■ ASSIGNMENT:
Make an exact copy of the lines from the one holding "Centiar Pub Height" through the end of the entries below, both ends kept, and of nothing else. Exclude pictures.

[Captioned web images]
◇ ◇ ◇ ◇ ◇ ◇ ◇

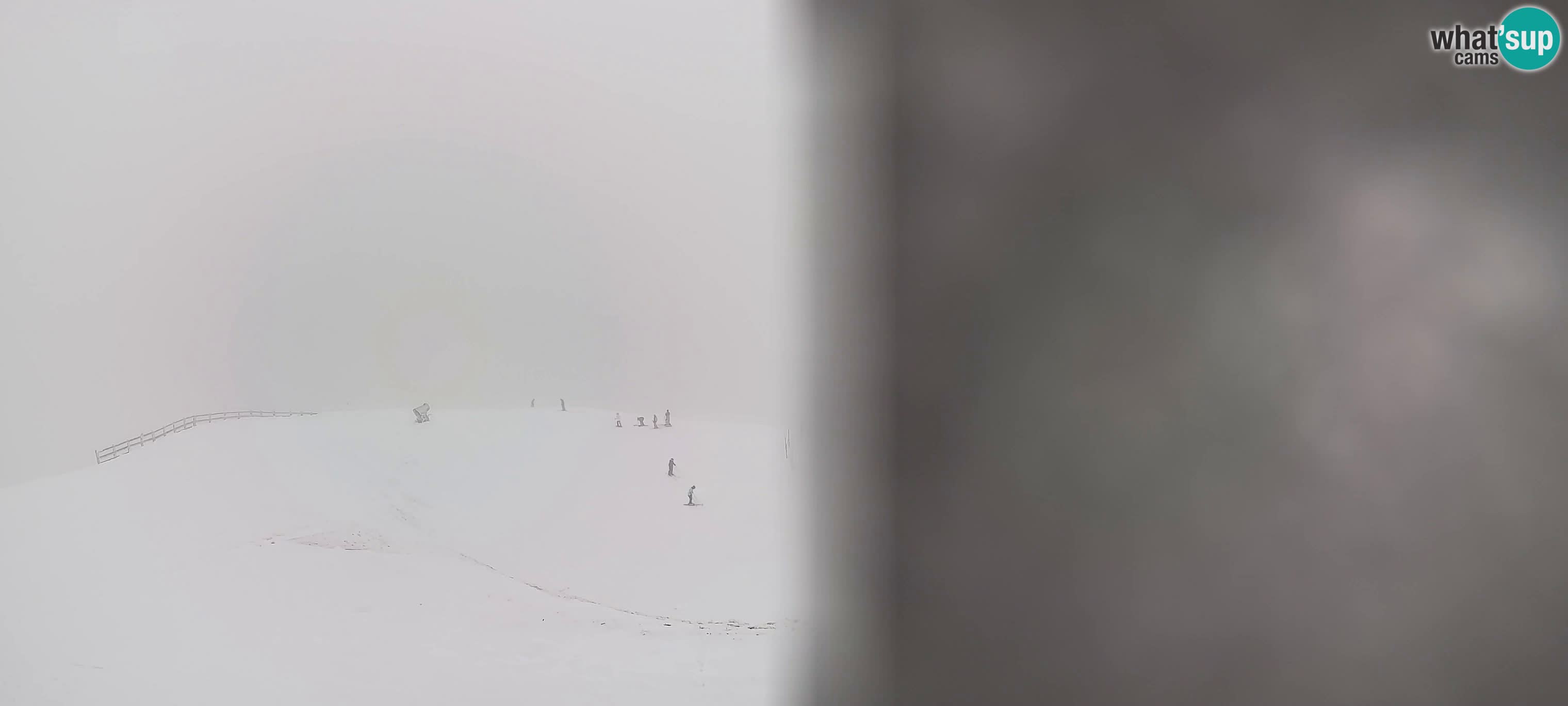 Webcam Gitschlift / seggiovia Gitsch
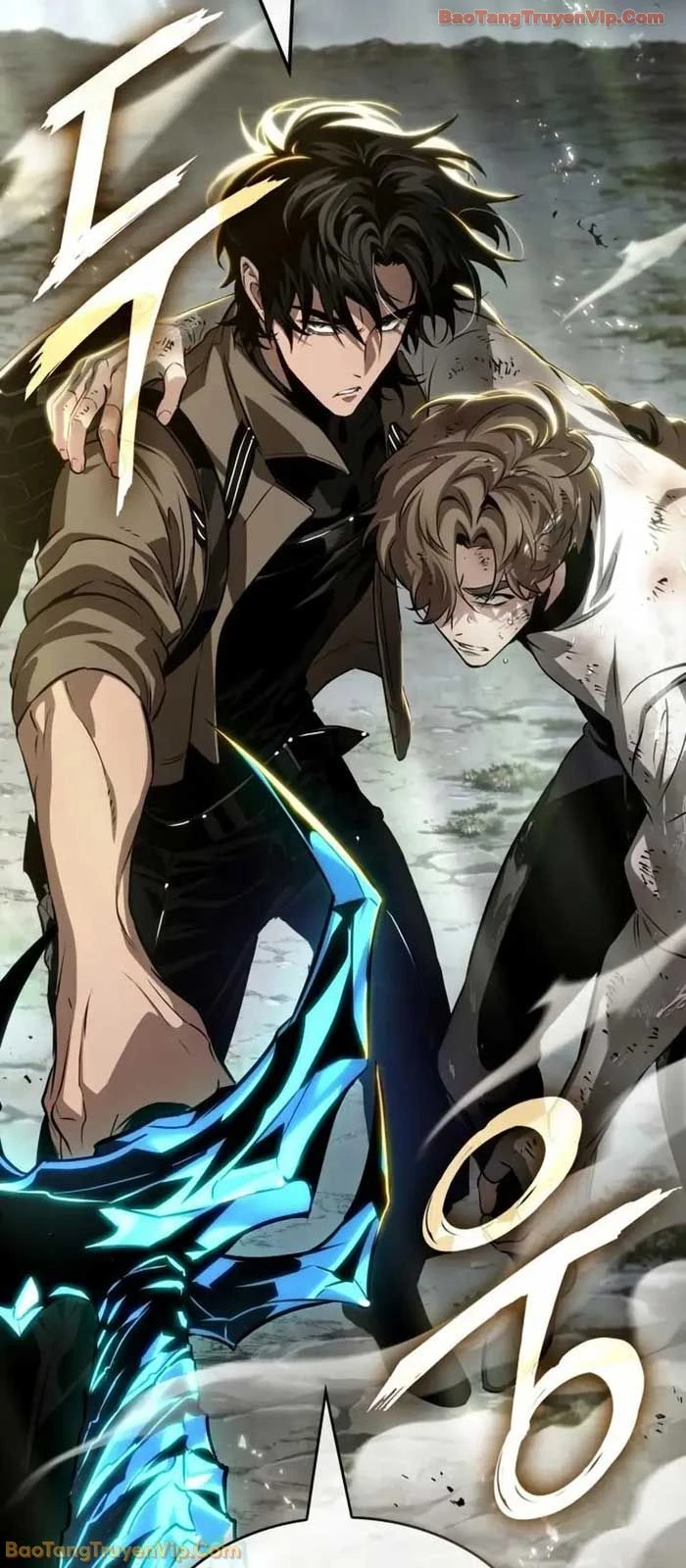 Thế Giới Sau Tận Thế Chapter 210 - 54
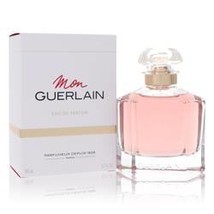 Mon Guerlain Perfume by Guerlain, This fragrance was created by the hous... - $123.00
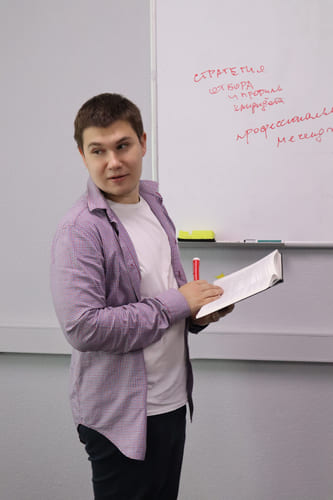 Кадровое агентство CV RECRUITMENT, или рекрутинг в IT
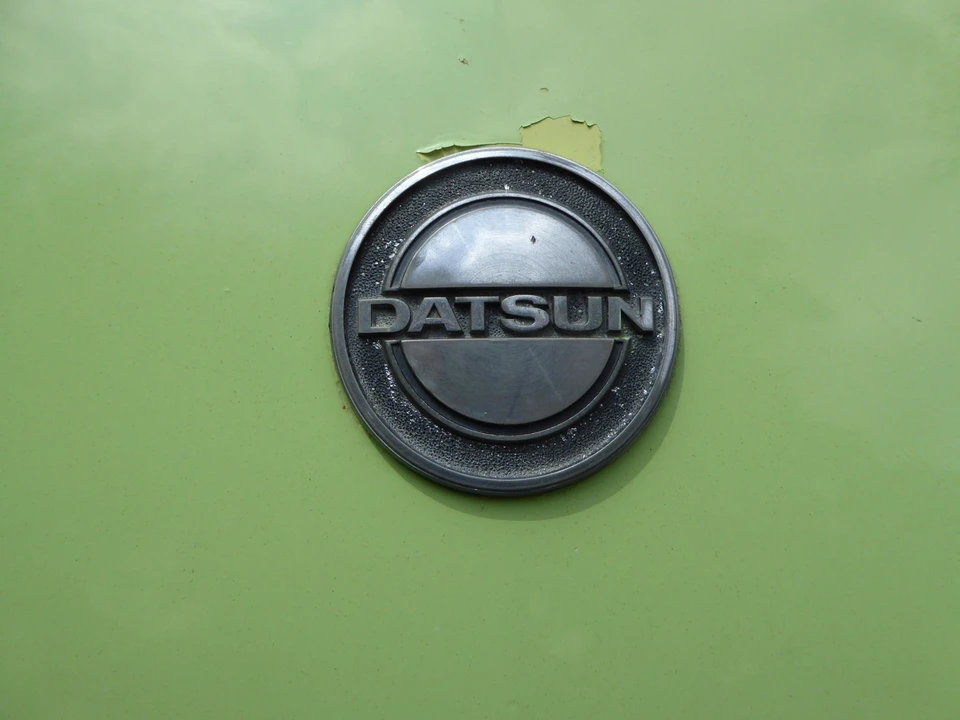 1972 Nissan Fairlady Z 1st Gen - Image 12 of 31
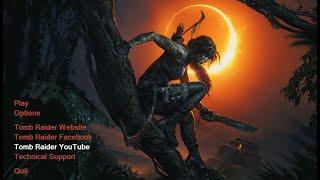 Fix Shadow of the Tomb Raider Error DXGI_ERROR_DEVICE_HUNG 0x887A0006 Crash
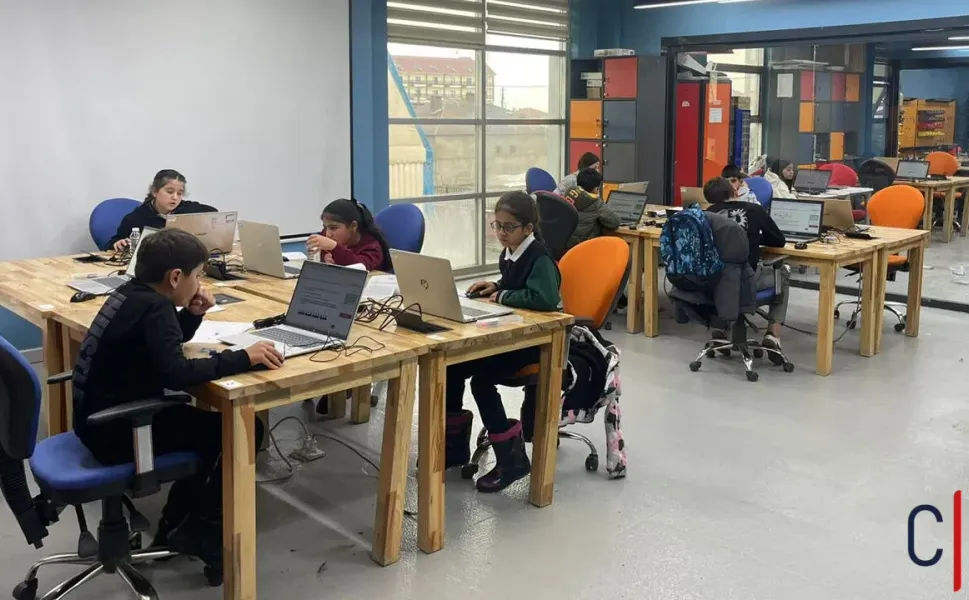 Gençler Teknoloji İçin Yarışıyor: Deneyap Sınavları Başladı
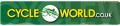 CycleWorld - Portsmouth logo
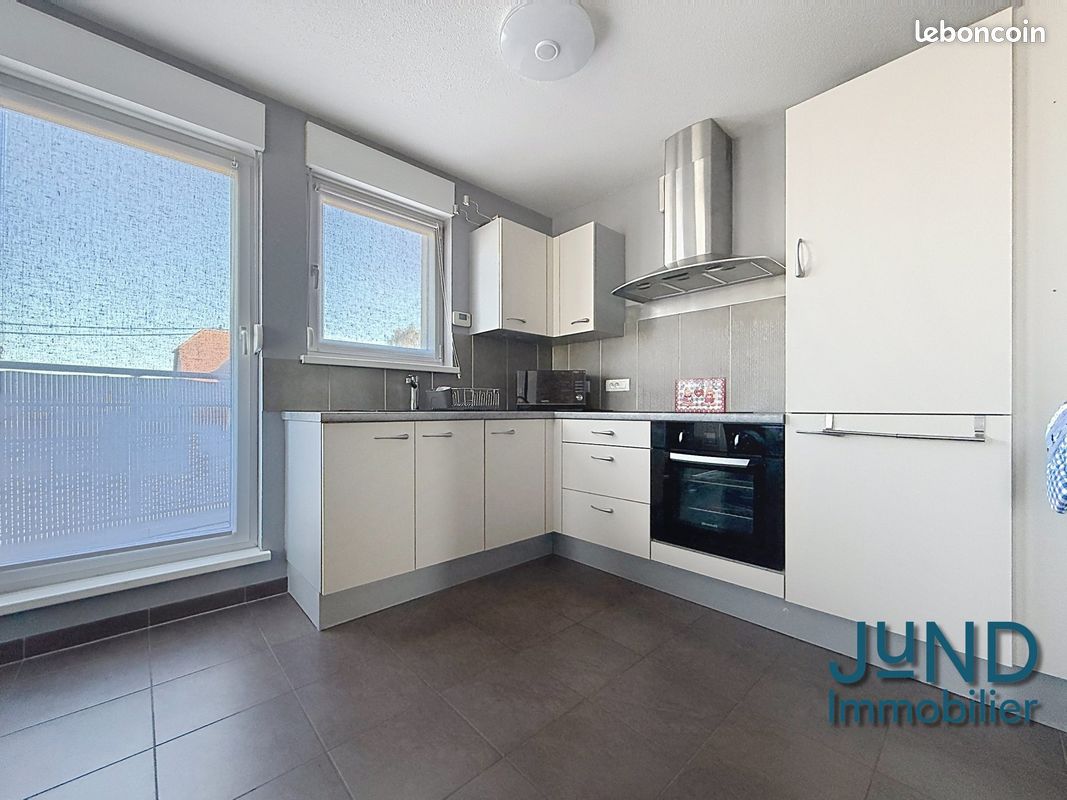 Appartement 2 pièces 49 m² · à Haguenau · 49 m² · 730 €/mois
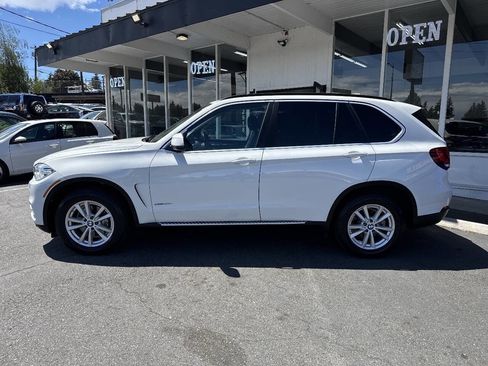 Used 2015 BMW X5 sDrive35i RWD image 3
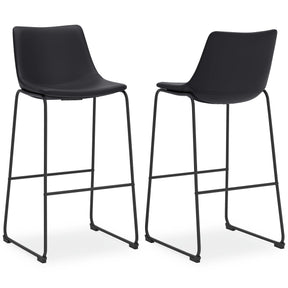 Centiar Pub Height Bar Stool Half Price Furniture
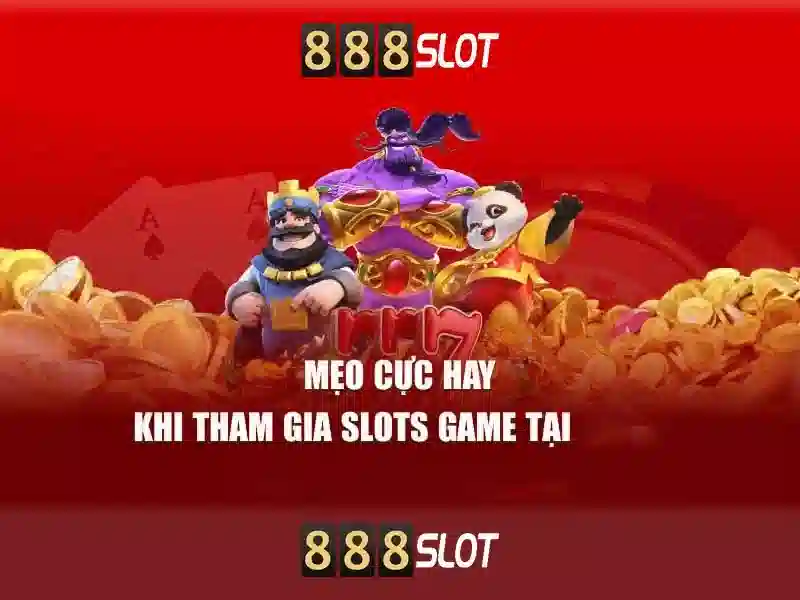 Game slot hấp dẫn
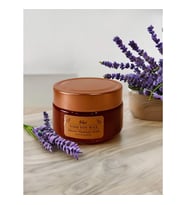 Bihal Soya Wax Lavanta Kokulu Doğal MUM180ML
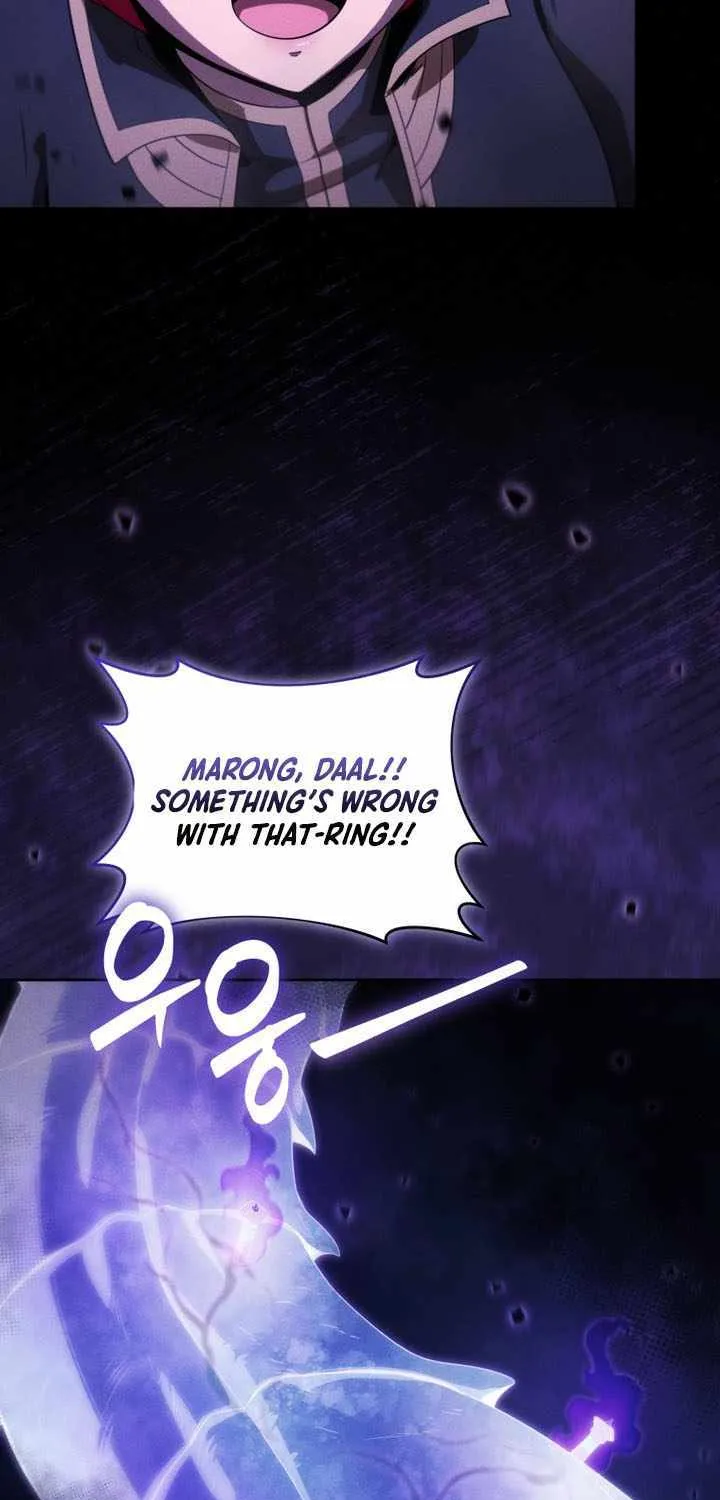 Reincarnated as the Strongest Monster Eater꞉ Revenge on the Tyrant Dragon, chapter 41, page 32
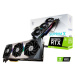 MSI GeForce RTX 3070 SUPRIM X 8G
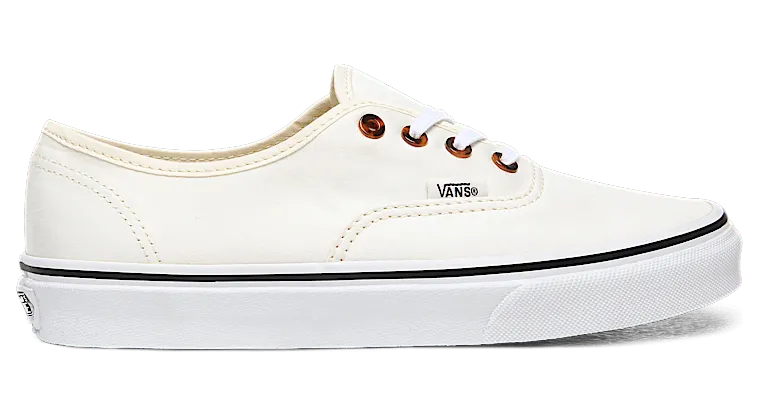 VANS Tort Authentic Schoenen (Wit)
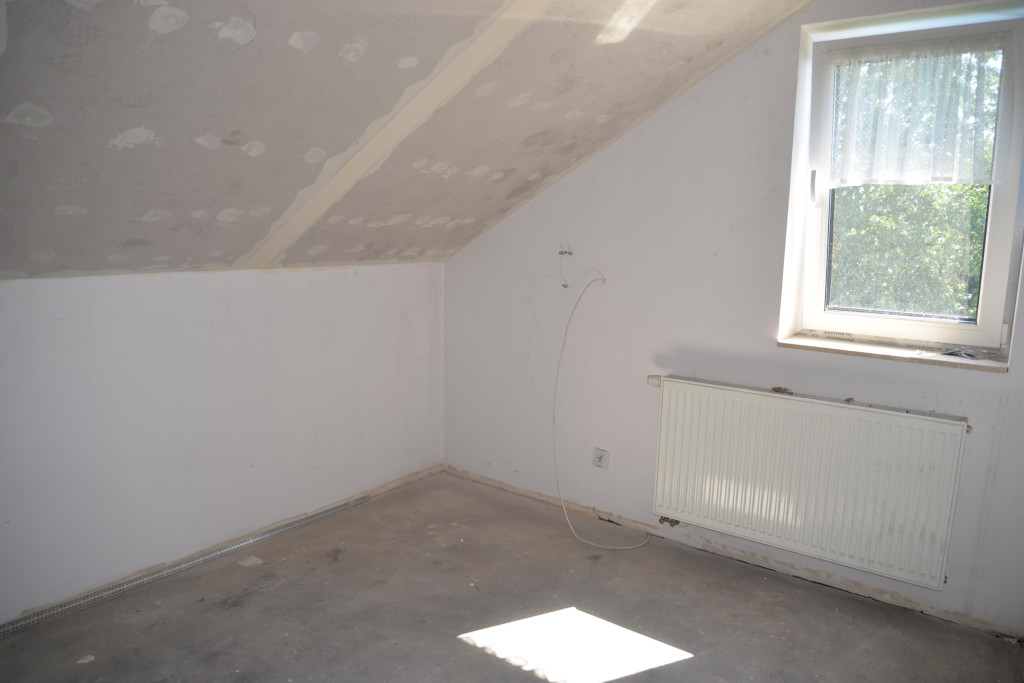 Niebieskie Oczko po pożarze, ogromna pomoc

◇ ◇ ◇ ◇ ◇ ◇ ◇

■ RESPONSE TO THE TASK:
 Centiar Pub Height Bar Stool Half Price Furniture
 Game slot hấp dẫn
 Bihal Soya Wax Lavanta Kokulu Doğal MUM180ML
 Reincarnated as the Strongest Monster Eater꞉ Revenge on the Tyrant Dragon, chapter 41, page 32
 MSI GeForce RTX 3070 SUPRIM X 8G
 VANS Tort Authentic Schoenen (Wit)
 Niebieskie Oczko po pożarze, ogromna pomoc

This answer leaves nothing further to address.